Emotion regulation is the ability to understand and manage feelings. When we can regulate emotion we have less stress and can control our impulses. As parents we want to help our children become regulated, as that will increase their ability to learn and problem solve, which are abilities that are tied executive functioning of the brain.
Gottman tells us, “Empathy not only matters, it is the foundation of effective parenting”. We need to create an “Empathy Reflex” and make it the first response to an emotional situation. This skill entails: describing the emotion you see, then making a guess as to why this is happening. This will help you to defuse the anger, and connect to your child in a way that will help calm you both.

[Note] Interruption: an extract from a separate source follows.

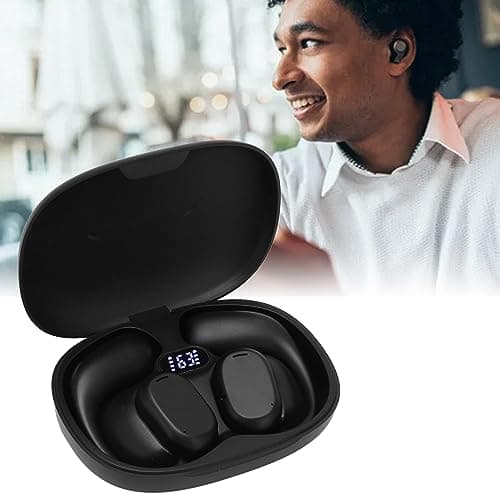 Language Translator Earbuds, Bluetooth 5.3 Real Time Language Translator Device with 144 Languages & Accents, Smart Voice Language Translation Headphones Earphone for Music Business Travel (Black) — view 5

This skill, like all skills takes time to learn. Understanding your emotions is the first step in this process. Allow yourself to accept your own strong emotions, label them and try to identify what are the issues that create the most emotion in you. Once you have reflected on this, you can create a mental plan as to how you can handle these strong emotions when they arise. This pattern will flow quite naturally to helping your children to do the same. Meltdowns will still happen but their intensity and regularity will lessen and your ability to stay calm will increase.